Read through StepDirStepper.h for details on the functions etc

You might want to modify parts of the driver to suit your own needs.

Give it a try and see how it goes

Robin2

#12
Sep 19, 2018, 07:35 pm Last Edit: Sep 19, 2018, 07:42 pm by Robin2
I'll make one. I like to split things up in tabs to make it a bit more readable for me :) I guess that's not done by everyone then?
Splitting up a long program is very sensible.

Looking for advice with a long program (whether in one piece or several) is much less so :)


I always try to design my different parts so they can be tested separately.

...R
Two or three hours spent thinking and reading documentation solves most programming problems.

snewpers

#13
Sep 19, 2018, 09:26 pm Last Edit: Sep 19, 2018, 09:58 pm by snewpers
@darrob, thanks I will look into that for sure, seems promising!

@Robin, noted. In my case it seems that after putting different (working) parts together it introduces a whole lot of new problems :D

I tried your stepper code and that works just fine. Am I correct that 1,000,000 µs equals 1 step per second? The speed would have to be calculated then by the interval between steps, is that correct?

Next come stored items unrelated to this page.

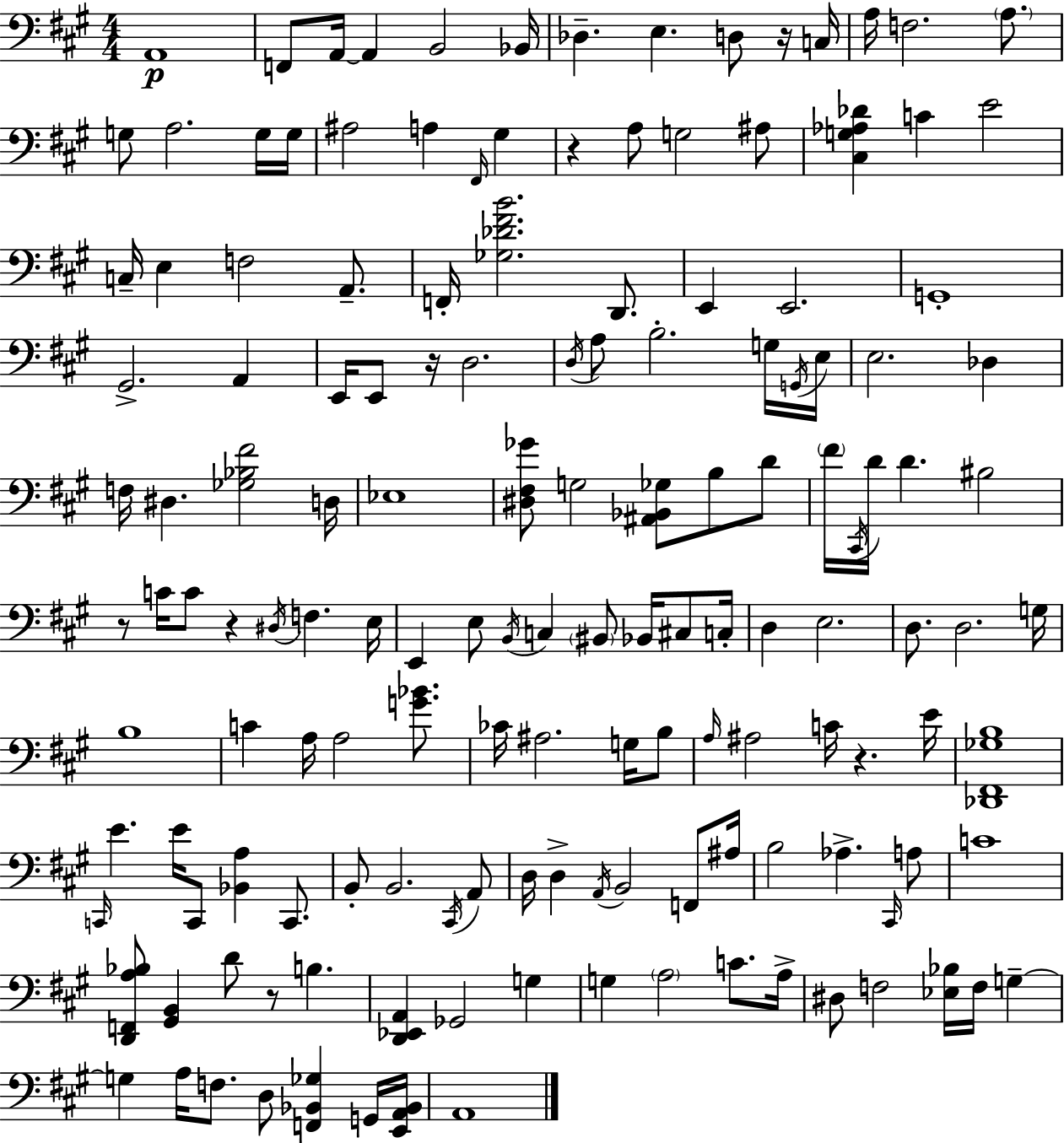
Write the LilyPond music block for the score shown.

{
  \clef bass
  \numericTimeSignature
  \time 4/4
  \key a \major
  a,1\p | f,8 a,16~~ a,4 b,2 bes,16 | des4.-- e4. d8 r16 c16 | a16 f2. \parenthesize a8. | \break g8 a2. g16 g16 | ais2 a4 \grace { fis,16 } gis4 | r4 a8 g2 ais8 | <cis g aes des'>4 c'4 e'2 | \break c16-- e4 f2 a,8.-- | f,16-. <ges des' fis' b'>2. d,8. | e,4 e,2. | g,1-. | \break gis,2.-> a,4 | e,16 e,8 r16 d2. | \acciaccatura { d16 } a8 b2.-. | g16 \acciaccatura { g,16 } e16 e2. des4 | \break f16 dis4. <ges bes fis'>2 | d16 ees1 | <dis fis ges'>8 g2 <ais, bes, ges>8 b8 | d'8 \parenthesize fis'16 \acciaccatura { cis,16 } d'16 d'4. bis2 | \break r8 c'16 c'8 r4 \acciaccatura { dis16 } f4. | e16 e,4 e8 \acciaccatura { b,16 } c4 | \parenthesize bis,8 bes,16 cis8 c16-. d4 e2. | d8. d2. | \break g16 b1 | c'4 a16 a2 | <g' bes'>8. ces'16 ais2. | g16 b8 \grace { a16 } ais2 c'16 | \break r4. e'16 <des, fis, ges b>1 | \grace { c,16 } e'4. e'16 c,8 | <bes, a>4 c,8. b,8-. b,2. | \acciaccatura { cis,16 } a,8 d16 d4-> \acciaccatura { a,16 } b,2 | \break f,8 ais16 b2 | aes4.-> \grace { cis,16 } a8 c'1 | <d, f, a bes>8 <gis, b,>4 | d'8 r8 b4. <d, ees, a,>4 ges,2 | \break g4 g4 \parenthesize a2 | c'8. a16-> dis8 f2 | <ees bes>16 f16 g4--~~ g4 a16 | f8. d8 <f, bes, ges>4 g,16 <e, a, bes,>16 a,1 | \break \bar "|."
}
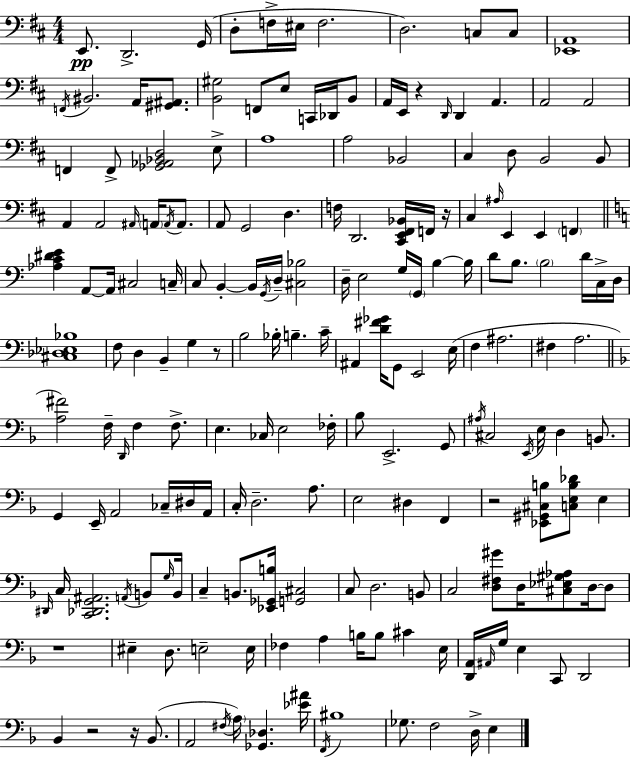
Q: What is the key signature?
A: D major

So a speed of 2000 steps per second would have a short interval of 500 µs? (1,000,000 / 2000)



Thanks again!

Robin2

Am I correct that 1,000,000 µs equals 1 step per second? The speed would have to be calculated then by the interval between steps, is that correct?
Yes.

For high step rates it may also be useful to use the digitalWriteFast library. But be aware that it is so much faster that you would need to allow an explicit amount of time (about 10µsecs) for the step pulse.

...R
Two or three hours spent thinking and reading documentation solves most programming problems.